A falta de fé na redução da dívida resulta desde para começar no facto de, ao contrário do défice, que é e tem sido muito mais facilmente manipulável pela engenharia orçamental socialista, a dívida é mais difícil de esconder debaixo do tapete, agora que o Eurostat tem o perímetro das Administrações Públicas melhor definido. Exemplo: ainda se discute se a capitalização da Caixa vai ou não contar para o défice, capitalização que foi feita à custa do aumento da dívida. E a propósito, vejam-se as diligências que o governo está a tentar para convencer o Eurostat a não incluir no défice essa capitalização, o que a acontecer atiraria o défice para cima dos 3% do PIB, arriando assim uma das bandeiras do governo que ainda agora anunciou ufano um défice de 1,9% no 1.º semestre.
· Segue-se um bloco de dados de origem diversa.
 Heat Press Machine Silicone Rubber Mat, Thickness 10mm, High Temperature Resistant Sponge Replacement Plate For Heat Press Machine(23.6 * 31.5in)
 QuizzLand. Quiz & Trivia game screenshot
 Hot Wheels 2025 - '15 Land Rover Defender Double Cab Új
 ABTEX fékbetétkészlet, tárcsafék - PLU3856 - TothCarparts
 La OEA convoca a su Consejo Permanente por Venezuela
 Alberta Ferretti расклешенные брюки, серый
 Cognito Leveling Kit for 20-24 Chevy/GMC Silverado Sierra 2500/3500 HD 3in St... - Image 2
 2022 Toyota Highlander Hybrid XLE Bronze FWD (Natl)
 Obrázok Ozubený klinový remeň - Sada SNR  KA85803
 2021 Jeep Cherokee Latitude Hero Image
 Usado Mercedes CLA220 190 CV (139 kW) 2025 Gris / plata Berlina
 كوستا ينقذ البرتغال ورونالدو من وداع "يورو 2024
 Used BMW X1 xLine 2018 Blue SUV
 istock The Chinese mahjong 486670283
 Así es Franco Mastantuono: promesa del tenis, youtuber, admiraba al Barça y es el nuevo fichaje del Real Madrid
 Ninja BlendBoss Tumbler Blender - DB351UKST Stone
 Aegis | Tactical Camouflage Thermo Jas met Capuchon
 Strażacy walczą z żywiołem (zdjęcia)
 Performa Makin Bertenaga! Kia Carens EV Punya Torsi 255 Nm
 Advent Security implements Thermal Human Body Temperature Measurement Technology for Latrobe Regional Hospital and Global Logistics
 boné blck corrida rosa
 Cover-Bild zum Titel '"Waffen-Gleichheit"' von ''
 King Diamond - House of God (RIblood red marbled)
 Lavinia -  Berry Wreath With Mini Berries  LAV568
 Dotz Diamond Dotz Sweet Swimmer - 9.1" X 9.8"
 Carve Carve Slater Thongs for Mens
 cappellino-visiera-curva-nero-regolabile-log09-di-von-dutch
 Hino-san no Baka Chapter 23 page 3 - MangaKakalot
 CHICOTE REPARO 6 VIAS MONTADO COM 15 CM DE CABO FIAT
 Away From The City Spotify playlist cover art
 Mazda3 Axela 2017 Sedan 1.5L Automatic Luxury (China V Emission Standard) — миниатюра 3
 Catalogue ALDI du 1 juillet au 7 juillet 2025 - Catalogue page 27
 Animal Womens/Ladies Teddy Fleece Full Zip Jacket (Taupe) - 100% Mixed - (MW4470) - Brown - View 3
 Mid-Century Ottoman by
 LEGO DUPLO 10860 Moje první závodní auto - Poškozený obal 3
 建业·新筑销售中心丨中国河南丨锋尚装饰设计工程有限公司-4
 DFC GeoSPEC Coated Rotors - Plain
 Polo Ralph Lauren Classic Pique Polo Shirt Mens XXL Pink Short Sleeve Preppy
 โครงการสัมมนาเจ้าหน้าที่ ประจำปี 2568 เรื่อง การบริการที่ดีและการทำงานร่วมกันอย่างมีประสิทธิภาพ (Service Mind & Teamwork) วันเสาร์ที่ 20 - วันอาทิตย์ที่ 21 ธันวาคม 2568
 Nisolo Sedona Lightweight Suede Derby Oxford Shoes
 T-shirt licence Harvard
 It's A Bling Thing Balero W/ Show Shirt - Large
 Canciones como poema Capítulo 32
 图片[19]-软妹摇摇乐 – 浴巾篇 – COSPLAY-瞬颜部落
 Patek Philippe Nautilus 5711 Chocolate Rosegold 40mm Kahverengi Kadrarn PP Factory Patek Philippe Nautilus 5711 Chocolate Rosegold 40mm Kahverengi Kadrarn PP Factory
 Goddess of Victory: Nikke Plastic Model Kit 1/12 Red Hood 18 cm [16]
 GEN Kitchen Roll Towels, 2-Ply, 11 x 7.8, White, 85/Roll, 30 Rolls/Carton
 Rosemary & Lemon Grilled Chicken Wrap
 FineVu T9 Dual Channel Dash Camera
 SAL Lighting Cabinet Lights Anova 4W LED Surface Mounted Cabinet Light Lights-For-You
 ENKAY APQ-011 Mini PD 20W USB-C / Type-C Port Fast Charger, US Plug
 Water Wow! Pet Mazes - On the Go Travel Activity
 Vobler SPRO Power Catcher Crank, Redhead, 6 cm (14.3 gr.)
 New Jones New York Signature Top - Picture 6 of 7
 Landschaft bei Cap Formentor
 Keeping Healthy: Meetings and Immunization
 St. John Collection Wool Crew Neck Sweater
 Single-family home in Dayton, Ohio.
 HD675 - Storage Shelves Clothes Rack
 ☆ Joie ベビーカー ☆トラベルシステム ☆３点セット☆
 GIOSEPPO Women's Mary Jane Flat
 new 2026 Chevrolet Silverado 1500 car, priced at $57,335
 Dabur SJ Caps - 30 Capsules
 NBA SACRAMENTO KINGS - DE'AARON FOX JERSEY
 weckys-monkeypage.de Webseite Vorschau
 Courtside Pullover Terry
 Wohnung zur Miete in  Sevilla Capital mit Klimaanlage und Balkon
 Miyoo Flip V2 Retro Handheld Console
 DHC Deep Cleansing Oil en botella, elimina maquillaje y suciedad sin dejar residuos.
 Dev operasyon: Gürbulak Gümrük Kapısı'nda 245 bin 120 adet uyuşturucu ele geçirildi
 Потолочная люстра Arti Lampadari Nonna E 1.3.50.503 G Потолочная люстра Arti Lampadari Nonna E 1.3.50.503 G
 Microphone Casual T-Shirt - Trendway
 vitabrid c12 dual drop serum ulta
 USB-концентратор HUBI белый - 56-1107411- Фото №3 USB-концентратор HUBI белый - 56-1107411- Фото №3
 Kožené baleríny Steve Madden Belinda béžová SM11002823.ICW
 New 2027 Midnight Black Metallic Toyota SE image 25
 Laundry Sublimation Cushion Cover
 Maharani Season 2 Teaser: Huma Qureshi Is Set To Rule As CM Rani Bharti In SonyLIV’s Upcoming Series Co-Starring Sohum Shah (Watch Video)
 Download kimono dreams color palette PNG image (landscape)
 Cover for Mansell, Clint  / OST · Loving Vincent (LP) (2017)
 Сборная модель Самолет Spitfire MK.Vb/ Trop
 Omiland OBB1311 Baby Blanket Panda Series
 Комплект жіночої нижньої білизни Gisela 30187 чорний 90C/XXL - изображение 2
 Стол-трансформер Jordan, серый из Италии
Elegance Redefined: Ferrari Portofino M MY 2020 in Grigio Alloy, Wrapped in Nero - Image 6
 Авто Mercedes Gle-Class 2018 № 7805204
Repare-se que o mesmo governo de Costa não mexeu um dedo para evitar que o resgate do Banif, resolvido num fim de semana, contasse para o défice de 2015 que foi à conta do governo de Passos Coelho.

Contudo, até mesmo a engenharia orçamental socialista terá cada vez mais dificuldade em manter o défice artificialmente baixo quando, a somar aos vários milhares de novos utentes da vaca marsupial pública já contratados, se prepara para abrir concurso para mais 950 polícias e guardas da GNR a adicionar aos 400 guardas prisionais que foram admitidos em Maio.